February 4, 2007

From the Wonderful Folks Who Brought You Iraq

The White House~by Craig Unger
An Advance Viewing of a VANITY FAIR Major Investigative Report--March 2007


The same neocon ideologues behind the Iraq war have been using the same tactics—alliances with shady exiles, dubious intelligence on W.M.D.—to push for the bombing of Iran. As President Bush ups the pressure on Tehran, is he planning to double his Middle East bet?

In the weeks leading up to George W. Bush's January 10 speech on the war in Iraq, there was a brief but heady moment when it seemed that the president might finally accept the failure of his Middle East policy and try something new. Rising anti-war sentiment had swept congressional Republicans out of power. Secretary of Defense Donald Rumsfeld had been tossed overboard. And the Iraq Study Group (I.S.G.), chaired by former secretary of state James Baker and former congressman Lee Hamilton, had put together a bipartisan report that offered a face-saving strategy to exit Iraq. Who better than Baker, the Bush family's longtime friend and consigliere, to talk some sense into the president?

FROM THE WONDERFUL
FOLKS WHO BROUGHT YOU IRAQ
The White House--by Craig Unger
An Advance Viewing of a VANITY FAIR
Major Investigative Report--March 2007

By the time the president finished his speech from the White House library, however, all those hopes had vanished. It wasn't just that Bush was doubling down on an extravagantly costly bet by sending 21,500 more American troops to Iraq; there were also indications that he was upping the ante by an order of magnitude. The most conspicuous clue was a four-letter word that Bush uttered six times in the course of his speech: Iran.

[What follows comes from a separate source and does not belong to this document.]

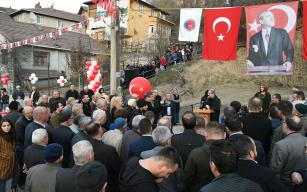 Karabük’te 5. kule asansörün temeli atıldı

In a clear reference to the Islamic Republic and its sometime ally Syria, Bush vowed to "seek out and destroy the networks providing advanced weaponry and training to our enemies." At about the same time his speech was taking place, U.S. troops stormed an Iranian liaison office in Erbil, a Kurdish-controlled city in northern Iraq, and arrested and detained five Iranians working there.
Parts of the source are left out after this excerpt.